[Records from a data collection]
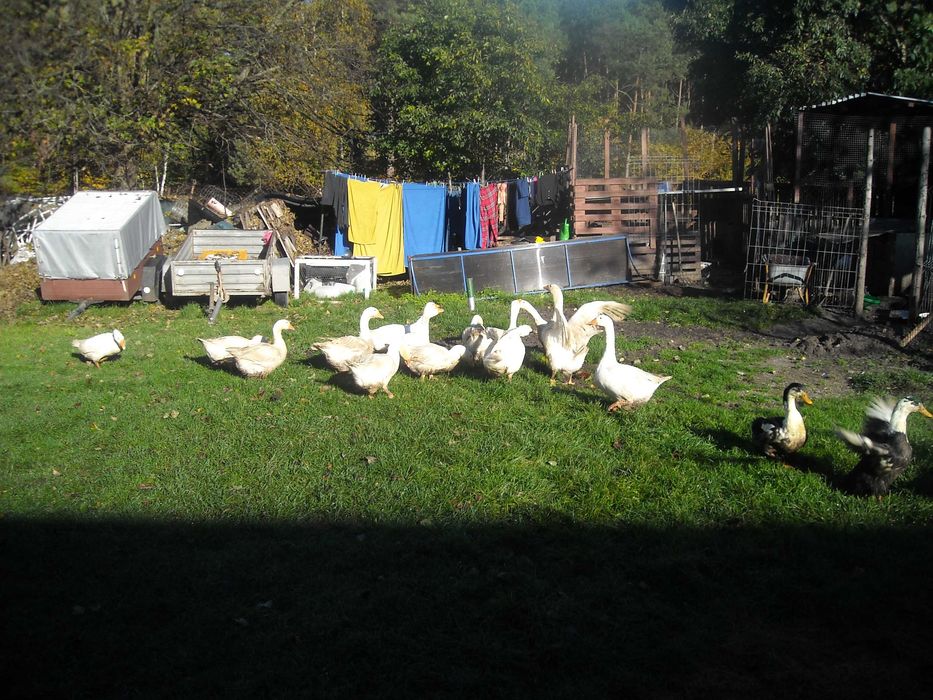 Sprzedam kaczki i gęsi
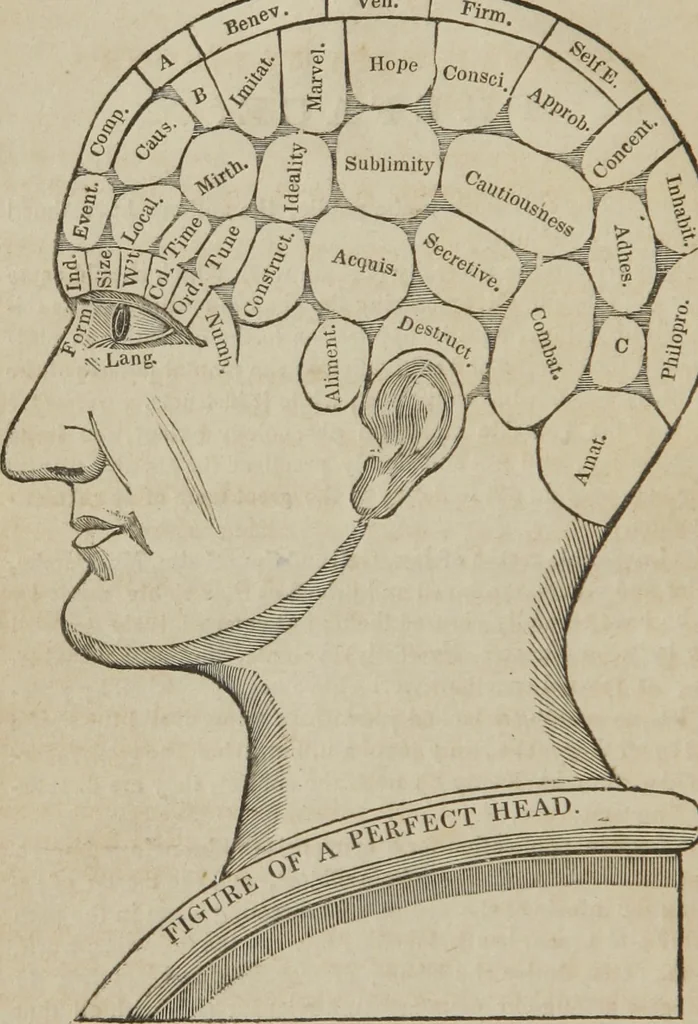 An illustration from A guide to phrenology : designed to illustrate the science of the human mind as manifested through the brain : embracing the fundamental principles of phrenology : its utility to parents and teachers in developing and educating the mental faculties of the rising generation, and of self improvement : together with the adaptation of each of the organs and a phrenological chart, in seven degrees of development with numerous combinations, 1842, leaf 7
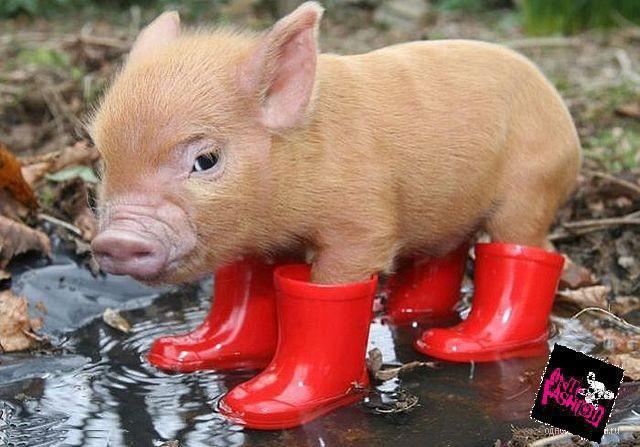 548242_192407970875119_100003177537012_290966_1671637711_n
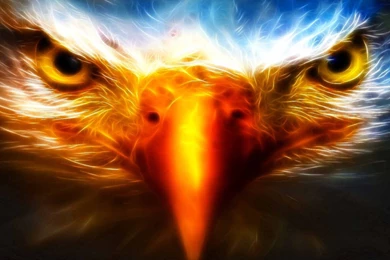 Eagle Wallpapers   Digital Art Wallpapers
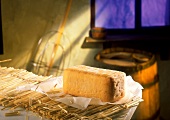 Limburger Käse mit Butterpapier auf Strohmatte
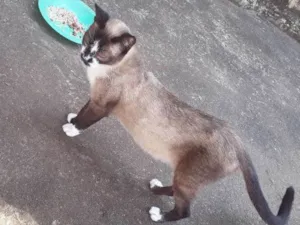 Gato raça Gato idade 1 ano nome Xana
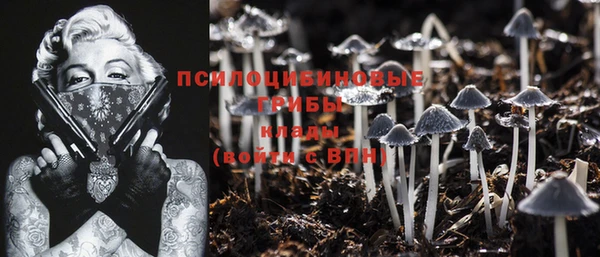 молекула духа Балахна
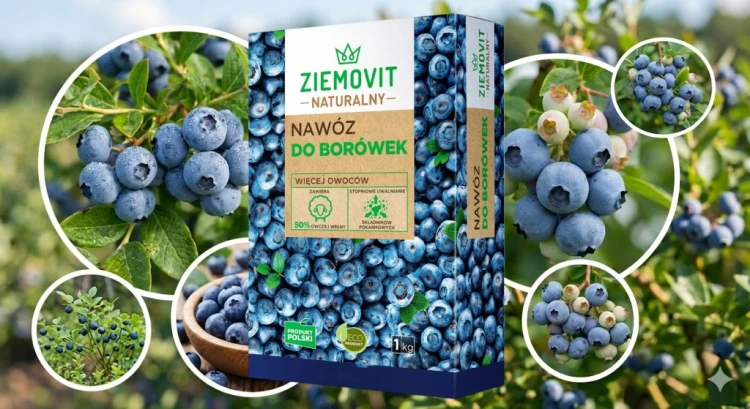 Nawóz do Borówek Organiczny 1kg ZIEMOVIT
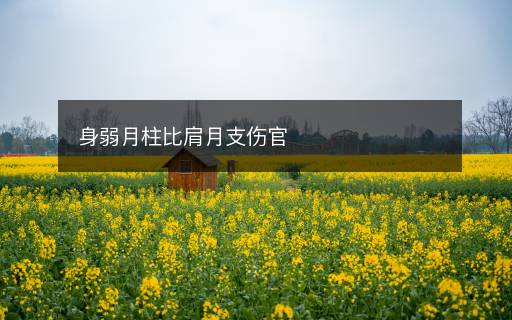 身弱月柱比肩月支傷官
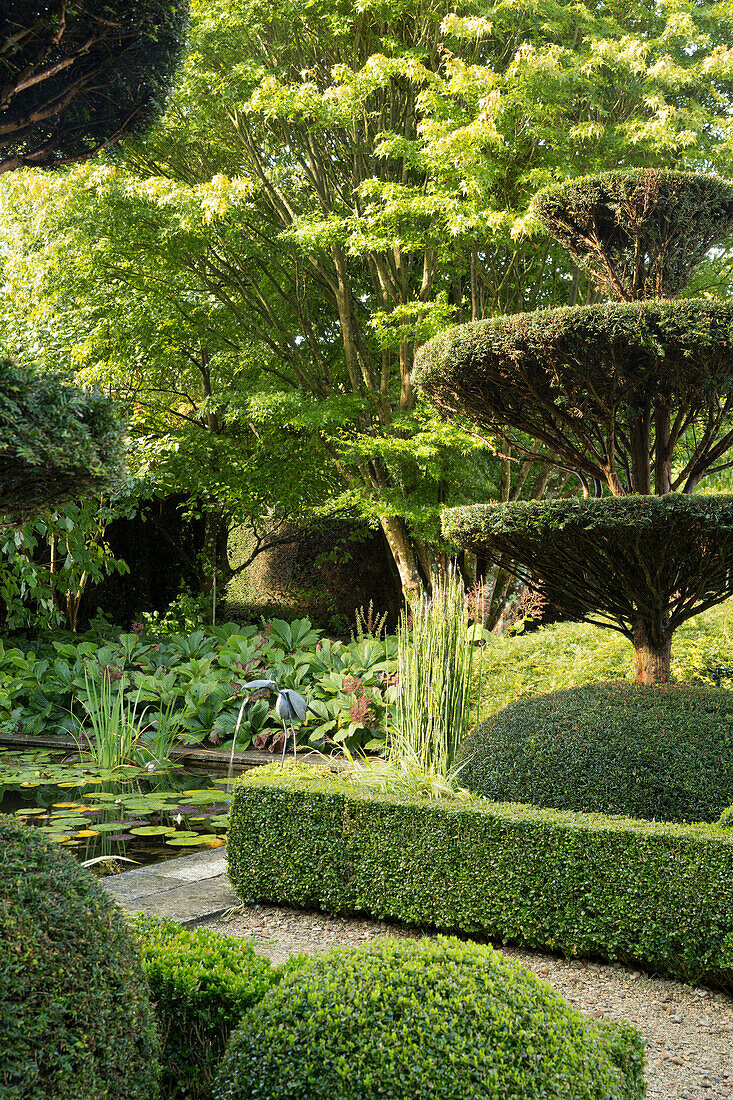 Formschnittgarten mit Teichanlage (Les Jardin de Castillon, Frankreich)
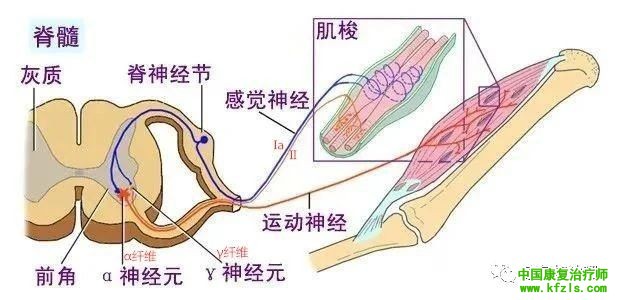 通过反复促通疗法（川平法，RFE）探讨偏瘫患者手指运动的恢复机制。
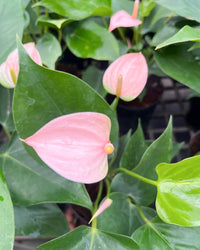 Mix Anthurium Flower seeds for Planting - Wildflower Mix, Heirloom & GMO Free Seeds for Home Garden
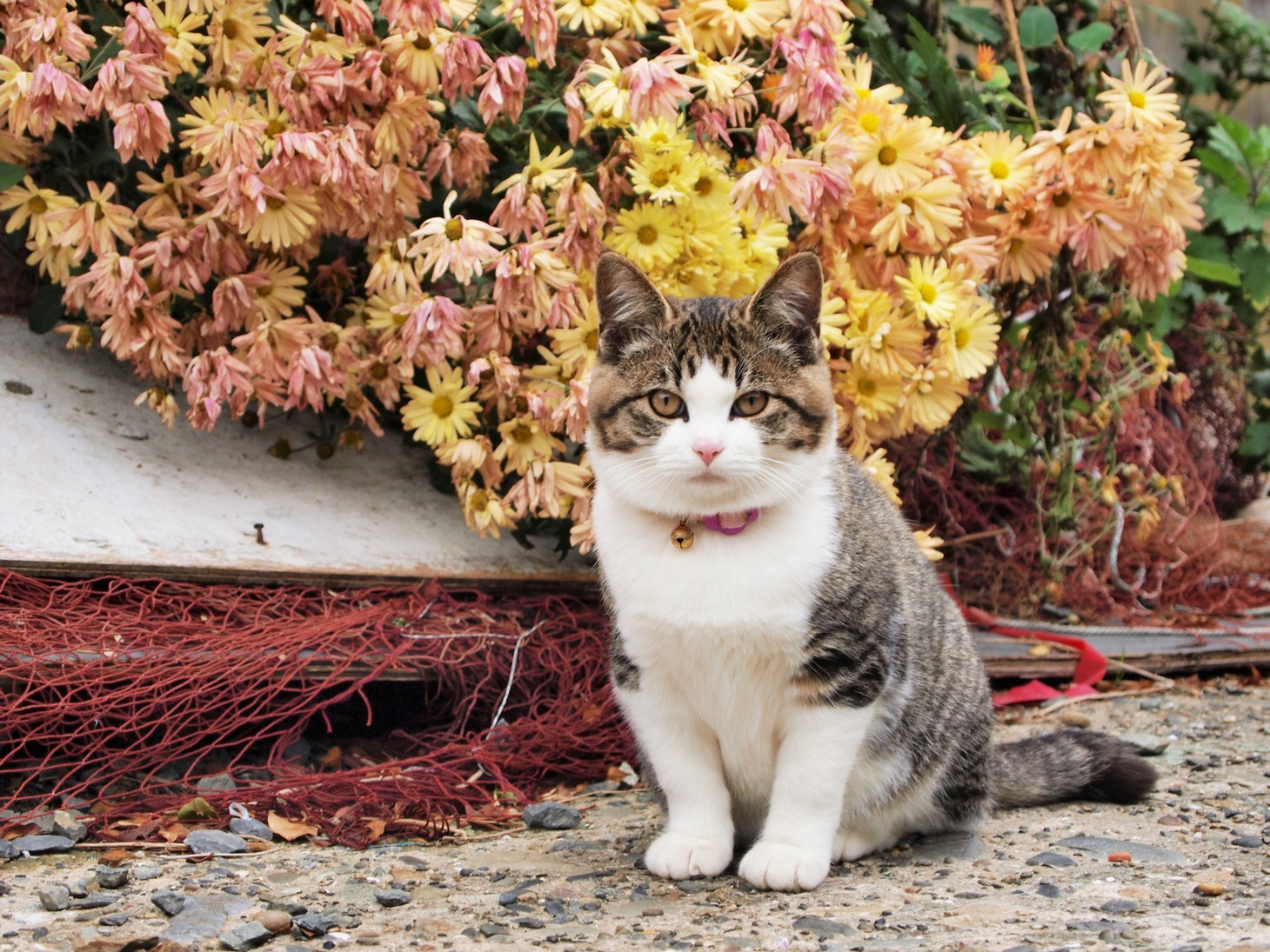 「岩合光昭写真展 ねこづくし」より。(c)Mitsuaki Iwago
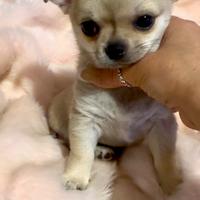 Chihuahua femminuccia pedigree ENCI -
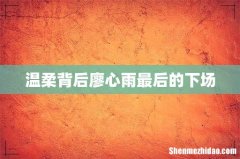 温柔背后廖心雨最后的下场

▶ _Aim of the task_:
From the records above, return exactly the lines running from the one that contains "Nawóz do Borówek Organiczny 1kg ZIEMOVIT" down to the one that contains "Mix Anthurium Flower", both included, without any pictures.

▶ _Answer to the problem_:
 Nawóz do Borówek Organiczny 1kg ZIEMOVIT
 身弱月柱比肩月支傷官
 Formschnittgarten mit Teichanlage (Les Jardin de Castillon, Frankreich)
 通过反复促通疗法（川平法，RFE）探讨偏瘫患者手指运动的恢复机制。
 Mix Anthurium Flower seeds for Planting - Wildflower Mix, Heirloom & GMO Free Seeds for Home Garden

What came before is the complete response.